Bitcoin may be nearing a bottom versus gold; USD-denominated trough could extend into late 2026
Analyst Rony Szuster of Mercado Bitcoin says bitcoin could be nearing a market bottom when priced in gold, potentially as soon as February–March 2026. Using historical patterns (12–13 month bear markets), Bitcoin’s USD peak in October 2025 (~$126,000) implies a downturn that might last into late 2026. The divergence arises because bitcoin weakened against gold earlier: bitcoin’s high versus gold occurred in January 2025, and gold has rallied over 80% in the past year to about $5,280 amid rising global uncertainty (World Uncertainty Index) and geopolitical tensions involving the U.S., China and Iran. Capital rotation into bullion and roughly $7.8 billion of outflows from spot BTC ETFs since November (≈12% of $61.6B AUM) have pressured BTC. At the same time, large investors are accumulating — Abu Dhabi firms Mubadala and Al Warda added spot ETF exposure in mid-February — suggesting accumulation by whales.
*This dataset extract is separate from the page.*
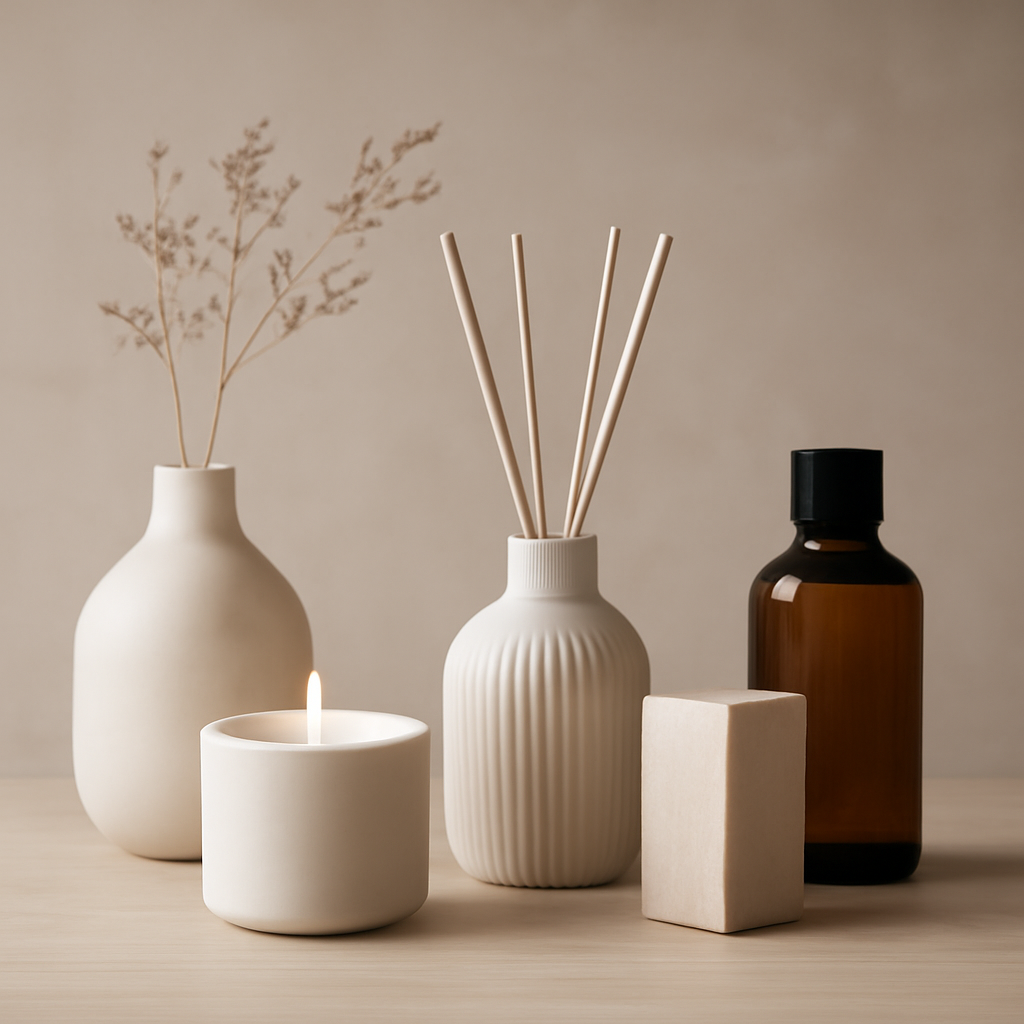 HOUSE OF ZIGGIMAY: A Danish Ode to Scent, Craft, and Nordic Elegance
Szuster recommends dollar-cost averaging to build positions during the current fear-driven environment, noting historical evidence that buying in periods of fear yields better average prices than buying in euphoria. Key points for traders: bitcoin vs gold ratio may signal an earlier local bottom; USD price action may still have downside through late 2026; monitor ETF flows, geopolitical risk, and institutional accumulation; consider DCA to mitigate timing risk.
Neutral
The report presents mixed signals that justify a neutral market view. Bullish factors: bitcoin priced in gold may already be near a local bottom (Feb–Mar 2026), and institutional accumulation (Abu Dhabi firms buying spot ETF exposure) suggests long-term demand and whale accumulation. Bearish factors: USD-denominated BTC peaked in Oct 2025 and, by historical 12–13 month bear cycles, could see continued downside through late 2026; gold’s ~80% rally and ~$7.8B outflows from spot BTC ETFs signal capital rotation away from bitcoin into safe-haven assets amid heightened geopolitical risk. For traders: short-term volatility may be high around geopolitical events and ETF flow reports; mean reversion trades based on the BTC/gold ratio could be profitable if the ratio rebounds. In the short term, expect choppy price action and potential further downside in USD terms; in the medium-to-long term, institutional accumulation and any reversal of ETF outflows could restore momentum. Recommended tactics: use dollar-cost averaging to build exposure, watch ETF flows and gold price action, and size positions defensively until a clear USD breakout or macro stabilization occurs. Historical parallels: previous cycles saw BTC find local bottoms amid fear and ETF outflows before recovery as institutional demand returned (e.g., post-2018 accumulation phase and post-2022 macro normalization).